17. The method according to claim 16, further comprising
repeating the step of processing a biological sample from the individual with another biological sample from the individual acquired at point time after the initial biological sample is acquired;
repeating the steps of storing the biomarker measurement data for the another biological sample, executing the defined sequence with the processor of the electronic device for the subset of the plurality of biomarkers using the biomarker measurement data for the another biological sample to generate a new set of health statuses of the individual and generating with the processor of the electronic device another predicted health status in dependence upon the new set of health statuses of the individual;
generating with the processor of the electronic device at least one of one or more new health recommendations and a variation to a health recommendation of the one or more health recommendations where the at least one of is established in dependence upon a calculated change in the magnitude of the calculated difference of at least one of the predicted health status for the individual and a subset of the set of health statuses of the individual established by the processor of the electronic device; and
transmitting the at least one of to the further electronic device via the communications network and rendering to the individual the at least one of upon the display of the further electronic device.
18. The method according to claim 16, wherein
each health recommendation of the one or more health recommendations is further established in dependence upon a validation of the health recommendation of the one or more health recommendations with respect to at least one of the disease and the health condition; and
the validation of the health recommendation of the one or more health recommendations is established with a further processor of a further electronic device which executes another process comprising:
retrieving from another online database of published research data accessible to the further processor of the further electronic a published research article comprising a plurality of other measurements relating to a set of human subjects where each other measurement of the plurality of other measurements relates to a human subject of the set of human subjects that either has at least one of the disease and the health condition or a likelihood of developing the at least one of the disease and the health condition and has been exposed to the health recommendation of the one or more health recommendations;
executing a multivariate regression analysis on the plurality of other measurements to establish an additional confidence score relating to a measure of confidence that the health recommendation of the one or more health recommendations can be validated as effective for at least one of the disease and the health condition; and
storing the additional confidence score within a further memory accessible to the processor of the electronic device.
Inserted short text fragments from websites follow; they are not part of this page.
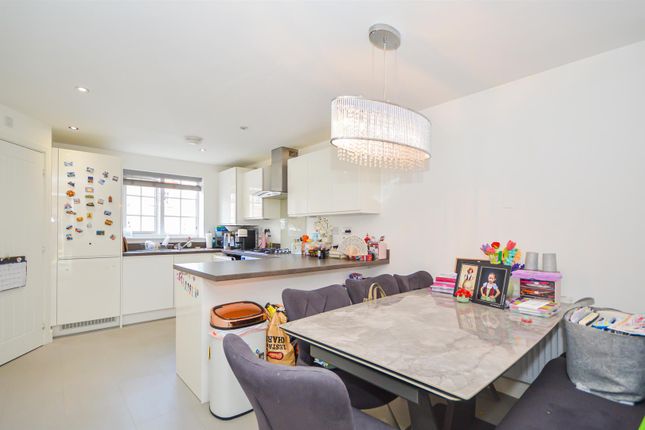 12, Buckthorne Court, Normanton photo 2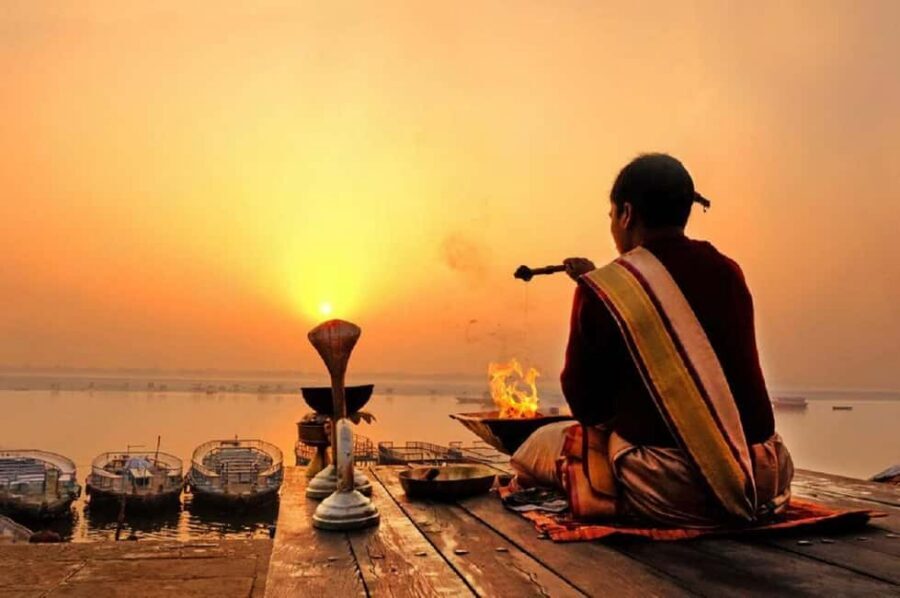 Varanasi Sunrise Tour with Ganga Aarti & Free Boat Ride - Should you book this Varanasi sunrise tour?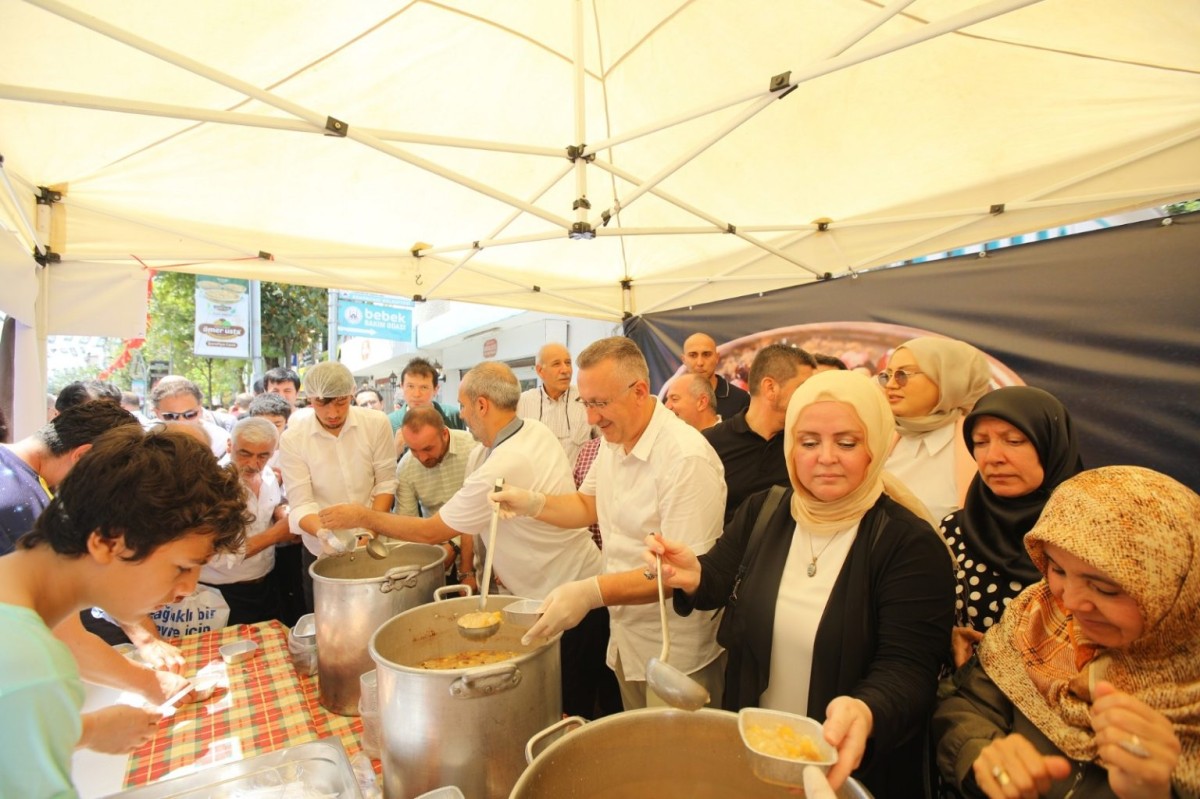Başkan Işıksu’dan Aşure İkramı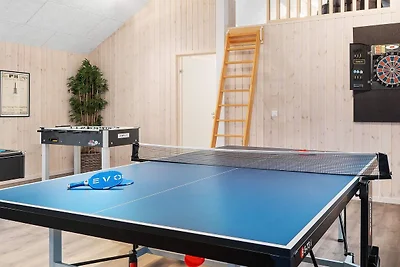 24 persone case ad Hasselberg
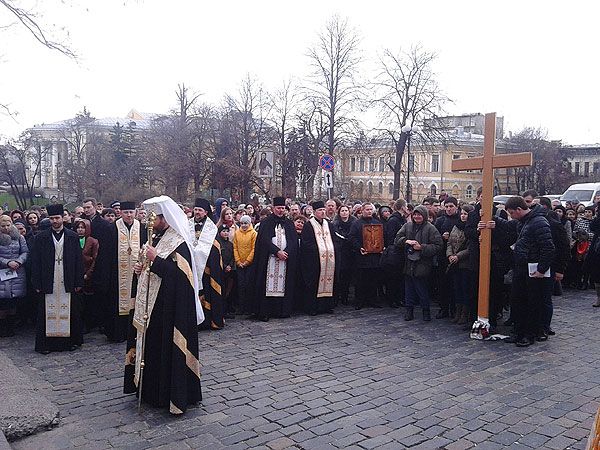 Греко-католики провели хресну ходу центром Києва - фото 55615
19. The method according to claim 1, wherein
a number of biomarkers within the plurality of biomarkers is at least 100.
20. The method according to claim 1, further comprising
determining with the processor of the electronic device one or more thresholds, each threshold of the one or more threshold relating to a different biological pathway within a human body associated with development of at least one of another disease and another health condition by analyzing the biomarker measurement data for a plurality of biomarkers for a number of individuals of which the individual is one upon a determination that each individual within the number of individuals has at least one of the another disease and the another health condition.